◆ **Problem description**
Retype, exactly and with both ends included, the lines below from the one containing "The Cure - Faith" through the end; omit the pictures.

::: Extracted data

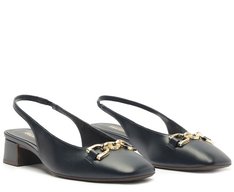 Sapatilha Slingback Bico Quadrado Bridão Azul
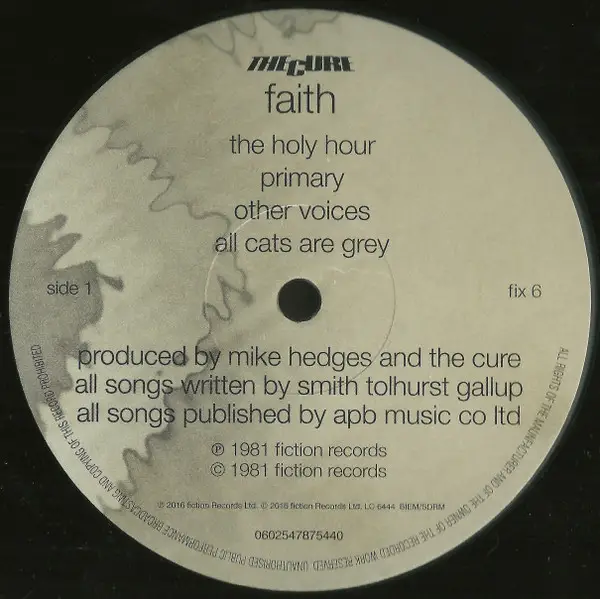 The Cure - Faith (180 грамм, Альбом, Переиздание, Ремастеринг, Дополнительная печать) - фото №4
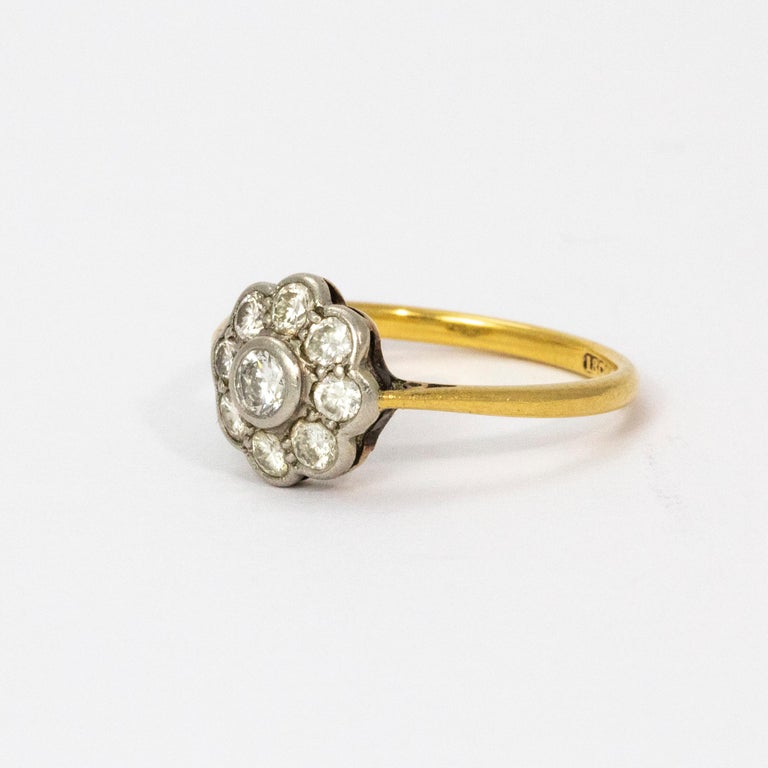 Vintage Diamond Platinum 18 Carat Gold Cluster Ring For Sale at 1stDibs ...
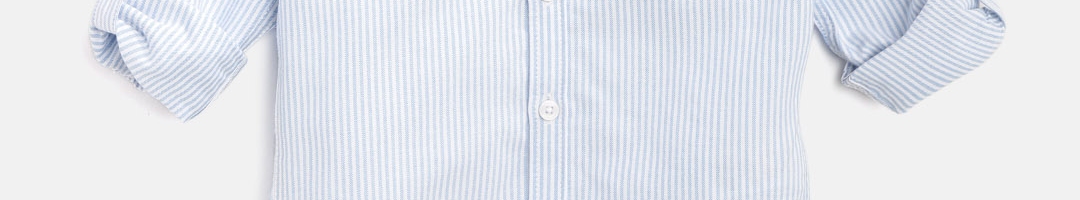 Buy Marks & Spencer Boys Blue & White Regular Fit Striped Casual Shirt ...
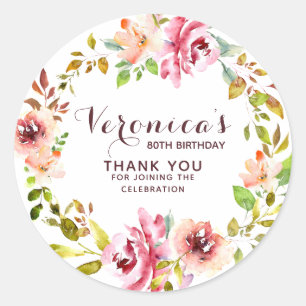 Sticker Rond Floral   80e anniversaire Merci de prune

::::::

◆ **Exercise result**
 The Cure - Faith (180 грамм, Альбом, Переиздание, Ремастеринг, Дополнительная печать) - фото №4
 Vintage Diamond Platinum 18 Carat Gold Cluster Ring For Sale at 1stDibs ...
 Buy Marks & Spencer Boys Blue & White Regular Fit Striped Casual Shirt ...
 Sticker Rond Floral   80e anniversaire Merci de prune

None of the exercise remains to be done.